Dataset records
▶

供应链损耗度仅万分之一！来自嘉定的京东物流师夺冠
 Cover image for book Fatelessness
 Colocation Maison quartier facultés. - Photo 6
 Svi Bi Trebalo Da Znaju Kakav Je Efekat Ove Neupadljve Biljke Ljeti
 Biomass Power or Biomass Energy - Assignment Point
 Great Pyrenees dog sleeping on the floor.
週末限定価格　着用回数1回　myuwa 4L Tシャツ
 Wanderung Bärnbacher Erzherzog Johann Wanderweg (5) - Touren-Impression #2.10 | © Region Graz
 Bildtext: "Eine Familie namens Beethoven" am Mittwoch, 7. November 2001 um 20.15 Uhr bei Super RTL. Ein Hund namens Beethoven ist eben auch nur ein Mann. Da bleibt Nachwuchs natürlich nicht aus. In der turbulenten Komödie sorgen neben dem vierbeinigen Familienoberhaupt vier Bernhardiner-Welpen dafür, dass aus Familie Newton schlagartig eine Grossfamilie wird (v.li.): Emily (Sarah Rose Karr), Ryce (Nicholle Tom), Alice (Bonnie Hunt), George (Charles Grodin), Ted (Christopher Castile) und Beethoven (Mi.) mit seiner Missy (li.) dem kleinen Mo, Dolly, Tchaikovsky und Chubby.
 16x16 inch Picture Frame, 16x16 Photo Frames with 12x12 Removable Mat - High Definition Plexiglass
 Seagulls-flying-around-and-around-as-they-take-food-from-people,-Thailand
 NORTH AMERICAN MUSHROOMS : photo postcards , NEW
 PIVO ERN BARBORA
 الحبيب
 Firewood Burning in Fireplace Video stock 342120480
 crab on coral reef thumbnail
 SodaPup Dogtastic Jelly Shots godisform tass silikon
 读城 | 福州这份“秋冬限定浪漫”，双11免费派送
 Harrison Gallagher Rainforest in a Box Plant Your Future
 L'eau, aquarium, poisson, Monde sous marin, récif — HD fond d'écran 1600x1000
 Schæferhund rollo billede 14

◀

* REQUIRED WORK *
Please reproduce the closing stretch of the records, from the line with "Firewood Burning in" through the last line, exactly as it stands.

* RESULT OF THE EXERCISE *
 Firewood Burning in Fireplace Video stock 342120480
 crab on coral reef thumbnail
 SodaPup Dogtastic Jelly Shots godisform tass silikon
 读城 | 福州这份“秋冬限定浪漫”，双11免费派送
 Harrison Gallagher Rainforest in a Box Plant Your Future
 L'eau, aquarium, poisson, Monde sous marin, récif — HD fond d'écran 1600x1000
 Schæferhund rollo billede 14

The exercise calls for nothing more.